Parecería, según esas mismas voces, que el valencianismo consiente cualquier puntuación estrecha. Aquello que hace tan solo unos años le parecería claramente insuficiente y valdría una huelga de celebraciones, hoy es visto como un matojo de brotes verdes. ¿Es conformarse con cualquier ofrenda? Quizá sea más sencillo que todo: es pura supervivencia.
Al valencianismo le da igual el tiempo efectivo de los partidos, consiente y puede que celebre a un entrenador con número raquíticos. Ocurre porque ha asumido que el par de tardes de alegría anual y la posibilidad de competir, pasa por dar respaldo a lo poquito que ofrece solvencia en el club.
Vamos a ver: estamos hablando de una institución cuya promesa de futuro es un render de un estadio decadente antes de inaugurar, donde cuatro fulanos presumiblemente perjudicados celebran un gol en unas gradas vacías, sin jugadores en el campo.

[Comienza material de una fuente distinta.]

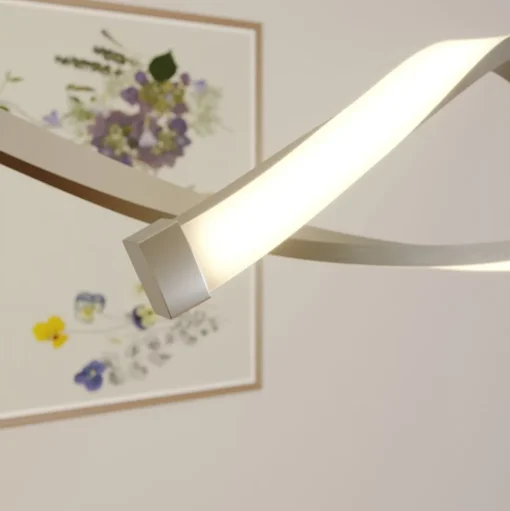 Lindby LED hanglamp Auron, nikkelkleurig, metaal, dimbaar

Porque una afición no celebra lo que quiere, sino que celebra en comparación con lo que recientemente ha tenido. Cuando valoramos a Bordalás y el desempeño de su grupo, no lo hacemos en base a las expectativas, que están por los suelos, sino por lo que se dispone en contra de ellas. No terminamos juzgando a Unai por lo que podía seguir dando, sino por la altura de lo que ya había ofrecido y la incapacidad para prometer más. El primer Ranieri fue aupado por la promesa de una transformación: un Valencia hacia arriba. El segundo, sucumbió porque ya solo ofrecía decadencia. Pizzi fue tratado con deferencia porque vendía el alborozo de la Europa League, por mucho que el traje le quedara grande.
Bordalás no es lo que hace, es lo que otros harían si no estuviera Bordalás. Se llama conservadurismo, porque igual que el equipo procura no tener demasiado tiempo de juego para no cometer errores imperdonables, la grada busca no agravar el estado de las cosas a sabiendas de lo que ocurre cuando la propiedad experimenta con cualquier prueba.
A diferencia del pasado del valencianismo, ya no es la ilusión lo que mueve a las masas, es el puro realismo. Y quizá sea lo más razonable.